Her debut novel—They Almost Always Come Home—released in spring 2010 with Abingdon Press. She’s represented by Wendy Lawton of Books & Such Literary Agency.
Cynthia writes stories of hope that glows in the dark, merging her love for storytelling with inextinguishable hope for inexpressible hurts. Her novels in progress include On the Night He Was Betrayed, All My Belongings, When the Morning Glory Blooms, and Afraid of the Light.

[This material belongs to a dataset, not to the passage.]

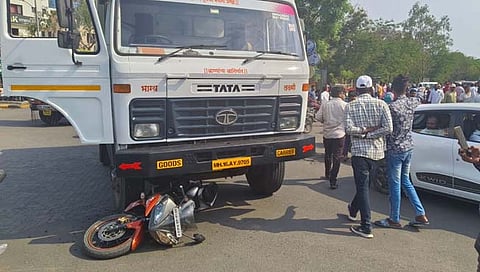 पुणे : बारामती येथे डंपर-दुचाकीच्या अपघातात दोन तरुण ठार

The radio broadcast Cynthia writes and produces — The Heartbeat of the Home — is celebrating its 30th year of ministry. The scripted radio drama/devotional broadcast airs on 16 radio stations and two cable/digital television stations. Cynthia is the editor of the ministry’s Backyard Friends magazine, a twenty-page, twice annual publication that reaches 5,000 homes, churches, and parachurch outreaches.
Cynthia’s articles have appeared in a number of publications, including Christian Communicator, Victory In Grace, Quality of Life Times, and others. Her essay “Reading by Flashlight, Writing by Heart” appears in Cup of Comfort for Writers. She also has an essay in Writing So Heaven Will Be Different, a compilation commemorating the 35th year of the Write-to-Publish writers conference. She writes a monthly column for Wisconsin Christian News and has written a number of feature articles for that publication.
Cynthia spends her days diving into words, worship, and wonder and celebrating 37 years of marriage, three grown children, and five exceptional grandchildren. One of her greatest joys is helping other writers grow in their craft. To that end, she is the assistant director and a faculty member of the Quad Cities Christian Writers Conference, has served as worship and devotions staff for the Write-to-Publish conference, and teaches at other conferences as opportunities arise. She speaks to women’s groups, at mother-daughter banquets, and for women’s refresher days. It is her delight to serve on her church’s worship team and Creative Arts team. Rather than “busy,” she likes the term “active.”